Clickwrap: A mousetrap for the electronic age 

January, 2009 -

Anybody who has ordered their Christmas shopping online or installed software will have encountered so-called 'clickwrap' agreements.

With clickwrap, before being able to complete the order or install the software, you must indicate acceptance of the service provider's terms and conditions – with a simple click on the I agree button – before being able to proceed. This is the stark choice of “take it or leave it” for the digital age.

The two examples I have given of the use of clickwrap are consumer-related. However, businesses are now increasingly confronted by clickwrap agreements. A good example of where such agreements come into play is with Software as a Service (see Ryan O'Sullivan's article on ‘SaaS').

Whilst clickwrap agreements are commonplace, they present a potential legal pitfall for businesses. In this article, I discuss how businesses and their advisors can sidestep the clickwrap trap.

Clickwrap and the battle of the forms

The concept of clickwrap has affect on the so-called ‘battle of the forms', something often encountered as part of contract negotiations.

Two of the key aspects of a legally binding contract are offer and acceptance of that offer. In the battle of the forms, each side makes conflicting offers. These offers typically consist of each side sending its preferred terms – which could consist of terms & conditions or pricing (or both) – to the other side. Each side attempts to be the last to send their terms so that theirs are the terms that are accepted and therefore apply to the contract.

For software and online services, the use of clickwrap agreements adds a new level of complexity as to what terms apply to the contract for the software or service in question. This is illustrated by the seminal American case of I.Lan v. Netscout Service Level Corp (Massachusetts, 2002).

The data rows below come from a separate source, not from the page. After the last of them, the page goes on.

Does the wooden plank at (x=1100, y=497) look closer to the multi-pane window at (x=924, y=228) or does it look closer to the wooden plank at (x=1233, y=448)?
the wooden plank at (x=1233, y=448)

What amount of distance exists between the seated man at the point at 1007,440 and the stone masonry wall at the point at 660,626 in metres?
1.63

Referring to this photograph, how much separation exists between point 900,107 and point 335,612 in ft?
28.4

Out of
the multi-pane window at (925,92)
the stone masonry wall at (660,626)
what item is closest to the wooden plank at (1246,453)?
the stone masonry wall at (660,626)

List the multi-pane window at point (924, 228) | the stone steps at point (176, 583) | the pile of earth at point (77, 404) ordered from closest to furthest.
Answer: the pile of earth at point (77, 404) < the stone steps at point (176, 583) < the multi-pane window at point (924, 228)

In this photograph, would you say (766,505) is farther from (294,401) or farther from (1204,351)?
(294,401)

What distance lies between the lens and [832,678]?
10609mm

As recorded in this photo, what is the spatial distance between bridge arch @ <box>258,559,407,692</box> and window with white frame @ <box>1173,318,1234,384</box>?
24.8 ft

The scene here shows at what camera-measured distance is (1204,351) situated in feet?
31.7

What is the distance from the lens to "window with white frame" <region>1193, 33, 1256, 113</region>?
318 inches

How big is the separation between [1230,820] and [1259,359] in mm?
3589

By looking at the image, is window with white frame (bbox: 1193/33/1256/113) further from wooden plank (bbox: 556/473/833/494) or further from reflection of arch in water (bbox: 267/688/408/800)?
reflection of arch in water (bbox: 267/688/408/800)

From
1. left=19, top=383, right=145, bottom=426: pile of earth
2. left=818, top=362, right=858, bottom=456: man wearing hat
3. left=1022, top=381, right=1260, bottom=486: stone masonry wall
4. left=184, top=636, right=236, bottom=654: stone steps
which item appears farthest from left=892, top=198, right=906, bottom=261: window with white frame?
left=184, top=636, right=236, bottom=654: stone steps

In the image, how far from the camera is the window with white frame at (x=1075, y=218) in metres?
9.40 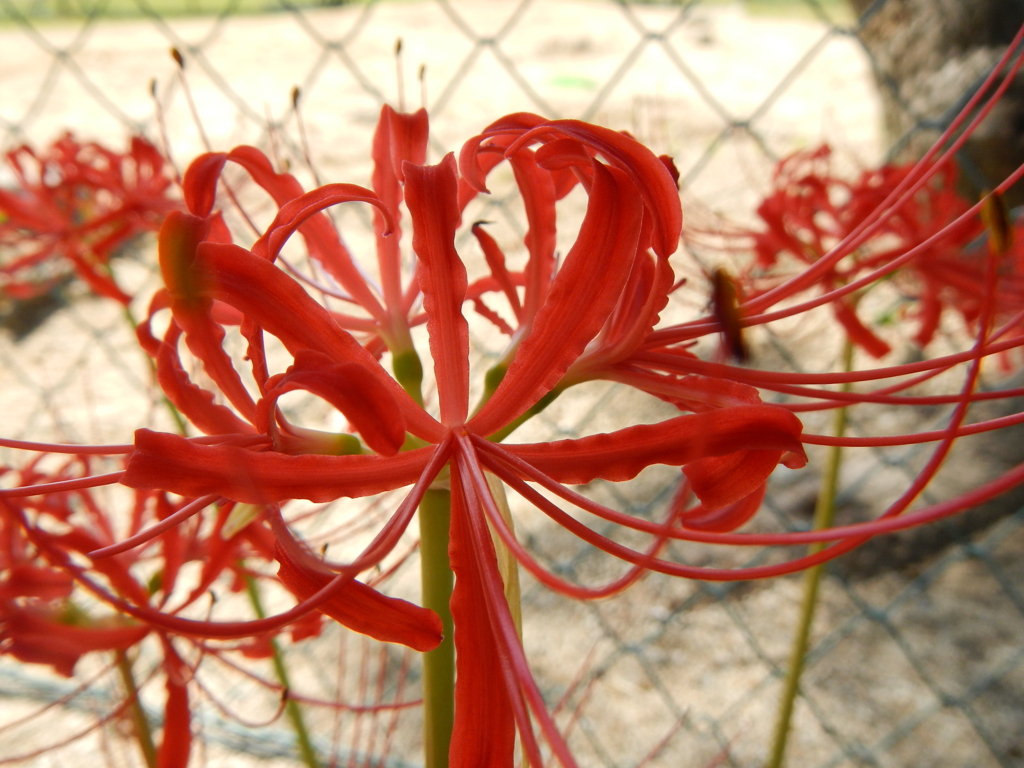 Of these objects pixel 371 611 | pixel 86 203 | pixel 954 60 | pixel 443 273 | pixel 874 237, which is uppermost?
pixel 954 60

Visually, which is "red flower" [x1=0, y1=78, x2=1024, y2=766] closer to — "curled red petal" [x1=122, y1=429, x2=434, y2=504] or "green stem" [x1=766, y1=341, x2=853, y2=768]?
"curled red petal" [x1=122, y1=429, x2=434, y2=504]

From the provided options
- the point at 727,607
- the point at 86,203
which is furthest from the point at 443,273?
the point at 727,607

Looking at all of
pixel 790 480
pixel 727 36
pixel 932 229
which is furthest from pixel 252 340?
pixel 727 36

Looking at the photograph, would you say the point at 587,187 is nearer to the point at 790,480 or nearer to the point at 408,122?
the point at 408,122

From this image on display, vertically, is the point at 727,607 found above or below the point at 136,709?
above

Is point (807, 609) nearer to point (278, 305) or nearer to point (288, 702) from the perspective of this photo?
point (288, 702)

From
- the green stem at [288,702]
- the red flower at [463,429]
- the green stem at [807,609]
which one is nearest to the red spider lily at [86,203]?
the green stem at [288,702]

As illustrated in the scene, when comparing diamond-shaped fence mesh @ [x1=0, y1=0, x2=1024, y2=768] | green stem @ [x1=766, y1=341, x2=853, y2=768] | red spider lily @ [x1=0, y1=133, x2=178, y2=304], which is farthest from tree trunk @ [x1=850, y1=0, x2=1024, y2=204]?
red spider lily @ [x1=0, y1=133, x2=178, y2=304] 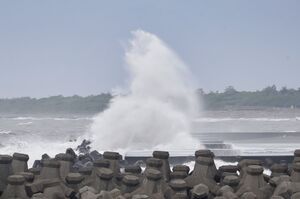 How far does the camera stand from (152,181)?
4684mm

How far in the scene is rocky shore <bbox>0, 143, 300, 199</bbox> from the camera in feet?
14.9

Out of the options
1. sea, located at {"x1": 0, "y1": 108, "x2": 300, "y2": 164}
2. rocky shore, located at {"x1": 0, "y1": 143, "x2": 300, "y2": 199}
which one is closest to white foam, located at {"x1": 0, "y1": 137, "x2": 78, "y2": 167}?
sea, located at {"x1": 0, "y1": 108, "x2": 300, "y2": 164}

Netscout was engaged by I.Lan to develop some software. I.Lan sent a purchase order for software from Netscout, which specified that certain terms would apply to the contract. Netscout then sent the software, but with a clickwrap agreement appearing on install, which provided for different contract terms.

When I.Lan tried to enforce its rights under the purchase order, Netscout refused and cited the clickwrap agreement. The court held Netscout correct in their argument that the clickwrap agreement was the last set of terms to be sent, and therefore applied to the contract. The court found that clickwrap contracts are enforceable so long as the user is actually asked to agree the terms and the terms are accessible on that page.

Whilst English case law on clickwrap agreements is unfortunately thin on the ground, there seems little doubt that were an I.Lan-type case to come to court here, an equivalent result would be arrived at. Indeed, in 2001 the Law Commission stated that clicking on a website button can be enough to show consent to an agreement.

Avoiding the clickwrap trap

The I.Lan case illustrates the key issue for businesses presented by clickwrap agreements: negotiating specific contract terms for software or a service, only to find that the supplier is asserting that you are bound by a clickwrap agreement in place of those terms. With procurement and legal functions separate from the actual users of the software/service, and with the use of third party IT contractors to install/maintain software and IT services, the clickwrap trap could take many businesses by surprise.

Even where the business's advisors are aware of the clickwrap agreement, and have reviewed its terms, those terms may not be acceptable and the “take it or leave” nature of clickwrap may not be acceptable to the business. This would be the case where you are contracting for SaaS that is high-cost, or for a function that is critical to the business. In this situation, you will want to negotiate acceptable terms with the service provider and to be confident that those terms govern the contract rather than the clickwrap terms.